Which ITR form should an NRI file?
NRIs cannot use ITR-1 (Sahaj) — ITR-1 is restricted to residents with income up to ₹50 lakh from salary/pension/one house property only. NRIs should use: ITR-2 for salary, house property, capital gains (from Indian assets), or if they hold foreign assets/foreign bank accounts. ITR-3 if they have business or professional income in India. Business income NRIs subject to audit use the extended 31 October due date. All others: 31 July.
Is NRI double taxed on India income?
Generally no, because India has Double Taxation Avoidance Agreements (DTAA) with 90+ countries. Under DTAA, income taxed in India can usually be credited against your home-country tax.

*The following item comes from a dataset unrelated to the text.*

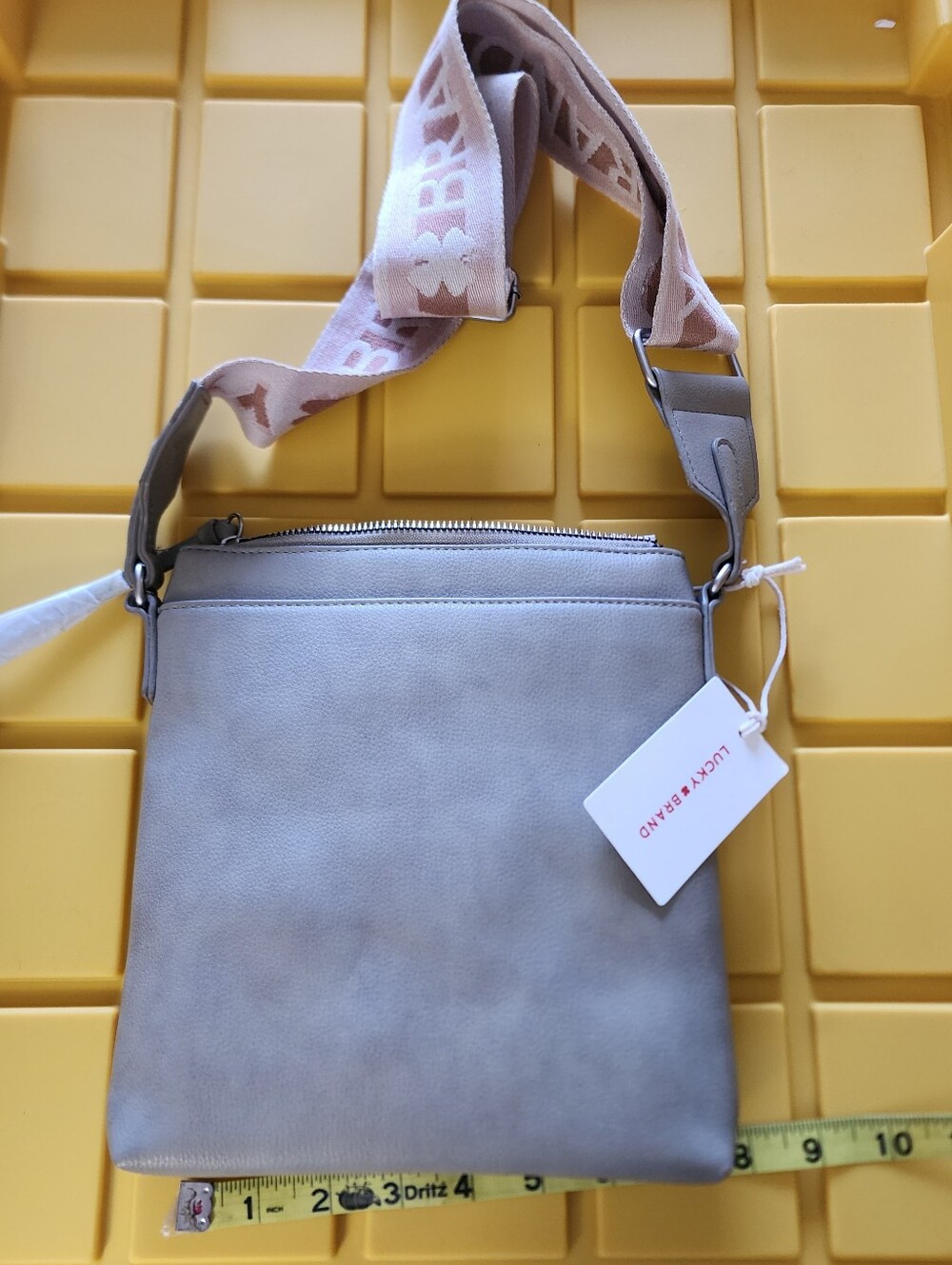 NEW Lucky Brand Tan Crossbody Bag with Branded Strap. GORG!!
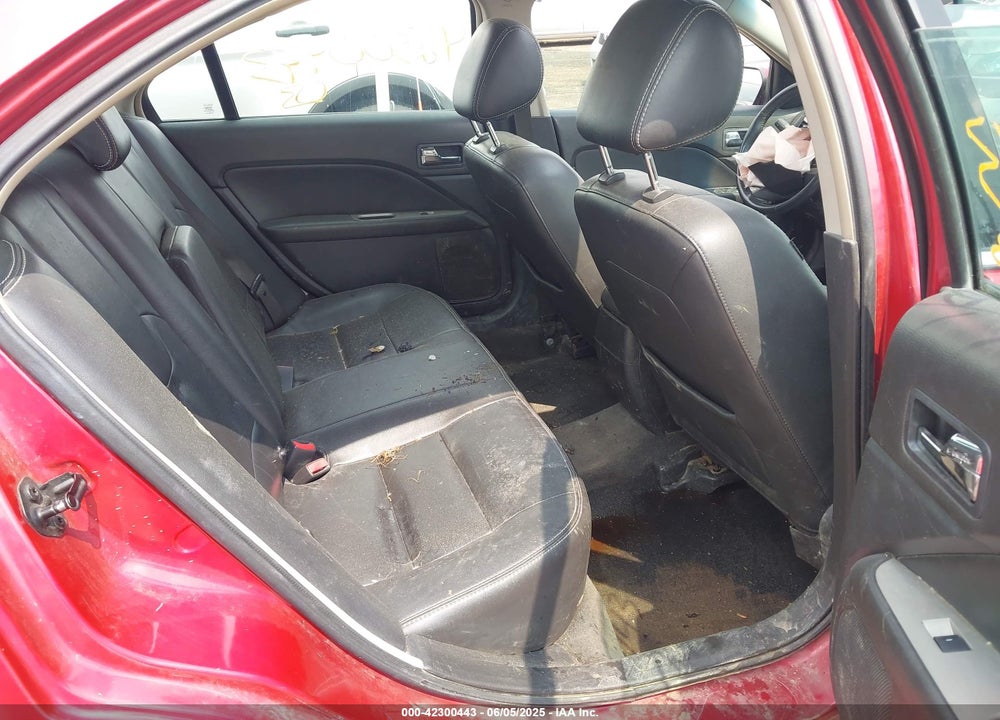 2011 FORD FUSION VIN: 3FAHP0JG9BR272937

For example, if you pay 30% tax in India on rental income, your country of residence (say the UK or USA) typically allows a Foreign Tax Credit for the Indian tax paid, so you do not pay full tax twice on the same income. To claim DTAA: submit Tax Residency Certificate (TRC) + Form 10F to the payer in India.
Can NRI invest in PPF or NPS in India?
PPF: NRIs cannot open a new PPF account. However, if you opened a PPF account as a resident before becoming NRI, you can continue it until maturity (15 years) under the same terms, but cannot extend further after maturity. NPS: NRIs can subscribe to NPS (National Pension System). Both Tier-I and Tier-II NPS accounts are allowed for NRIs. Contributions qualify for 80CCD deductions under the old regime. At maturity/exit, NPS corpus is remittable abroad (subject to FEMA regulations).